Friday, March 25, 2022

EOTO 2: William Lloyd Garrison

     While preparing for EOTO 2 I wanted to capture a journalist who believed in making a change so strongly that they went to great lengths. It is important to me as a writer to spread the messages that are important to me. Typically when believing in something someone else may not believe in it as well. In order to make a change you must open the world to alternative ideas.

    William Lloyd Garrison did just that during his career in Journalism. When his reputation was on the line or he was getting too old to work and needed to turn to retirement he did not give up spreading his message and today he has an influence on journalists and the world around us.    Garrison had a successful career in journalism. In 128 he was an editor for both the National Philanthropist Newspaper in Boston and the Journal of the times in Bennington, Vermont. Both of these papers were dedicated to moral reform. In 1829 he edited the Genius of Universal Emancipation with Benjamin Lundy. And founded the Liberator in 1831 which became the most radical of the Anti-Slavery journals at the time. He made strides to enhance equality.

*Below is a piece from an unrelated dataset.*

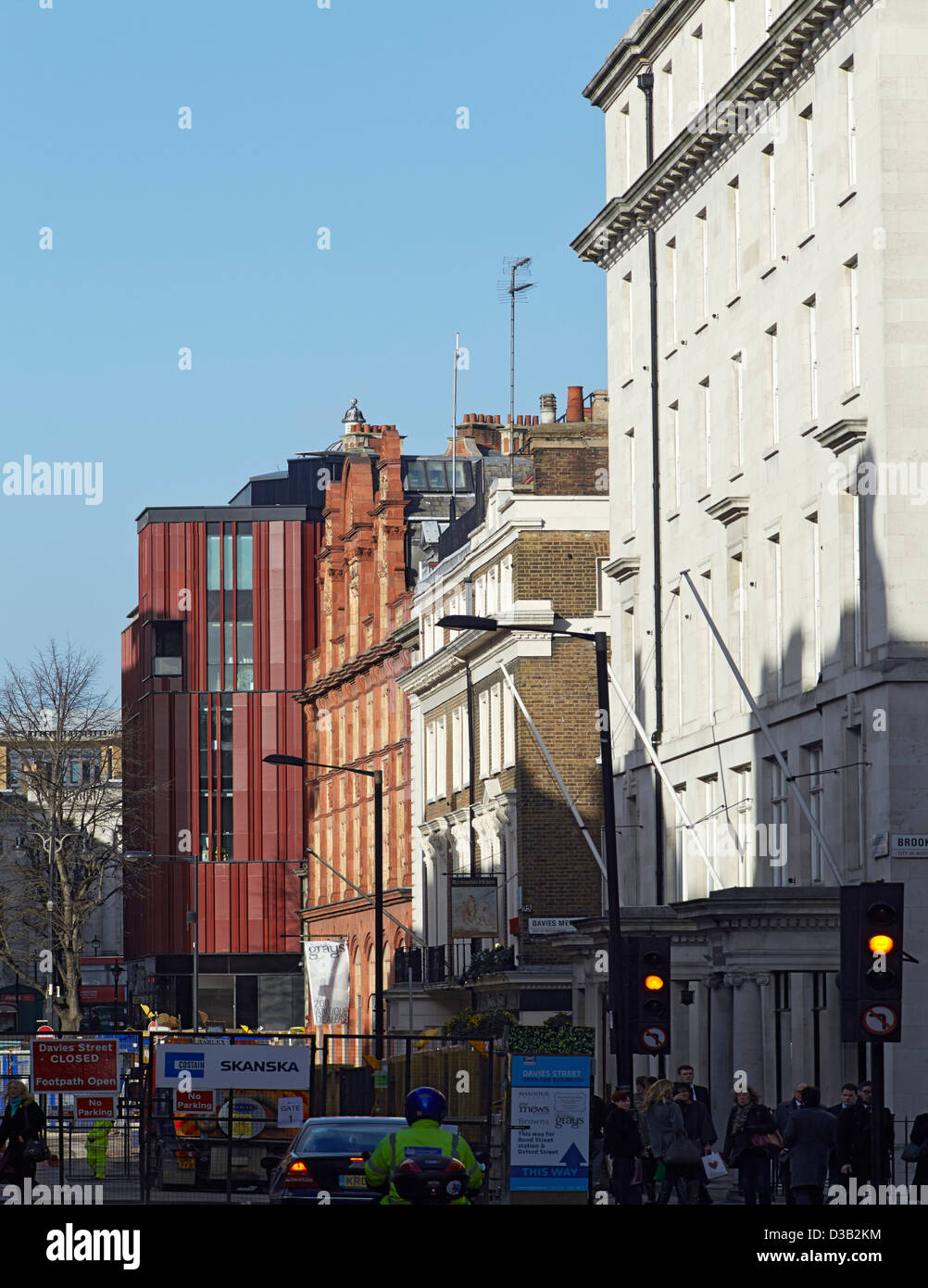 28 South Molton Street, Londra, Regno Unito. Architetto: DSDHA, 2012. Facciata di edificio nel contesto del sud. Foto Stock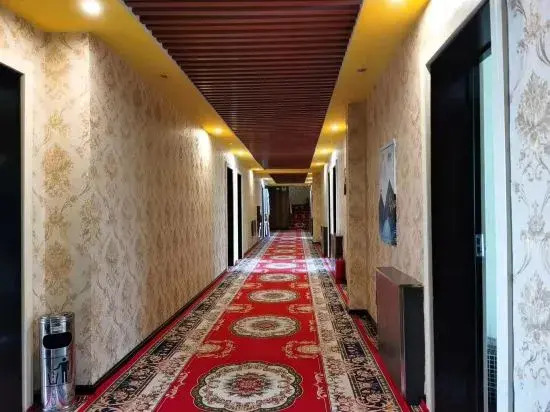 Xiaohonglou Hotel, Luohe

    William Lloyd Garrison was born on December 10, 1805 in Newburyport, Massachusetts. When Garrison was three-years-old his father, a merchant sailor, abandoned him and his siblings. His mother was a devoted Baptist and raised him in poverty. Due to his mother's religious beliefs, Garrison grew up surrounded by christianity and at age 8 he lived with a Baptist deacon. He worked as a shoemaker at the time however it was not his calling because of the physical labor involved. At 13 he was an apprentice for a printer and newspaper publisher and knew he had found his life's work.  At age 25 he then joined the abolitionist movement.


     Four years after the Liberators creation, Garrison renounced church and state to embrace the Doctrines of Christian "perfectionism". This combined abolition and women's rights through his writing. Between 1840 and the American Civil Was his strides against slavery increased. Garrison became so passionate about change that his influence in society went down. As less and less people stopped supporting him he only became more radical. 


    Because of his outlet of the Liberator Garrison was able to denounce The Compromise of 1850, the Kansas- Nebraska Act, and the Deed Scott Decision. He even supported Abraham Lincoln and welcomed the Emancipation Proclamation.

    Once Garrison retired he continued his work on equality and pressed for women's suffrage and free trade .


Russian author Leo Tolstoy was inspired by Garrison's writing along with Adin Ballou because of their focus on Christianity which aligned with Tolstroy's ideology. Tolstroy even went on to publish a short biography of Garrison in 1904. He even referenced Garrison within his own work.


Today, there is a memorial statue of Garrison in Boston. In 2005, Garrison's descendants gathered in Boston to honor his 200th birthday. Garrison continues to be a staple for journalists and making a change.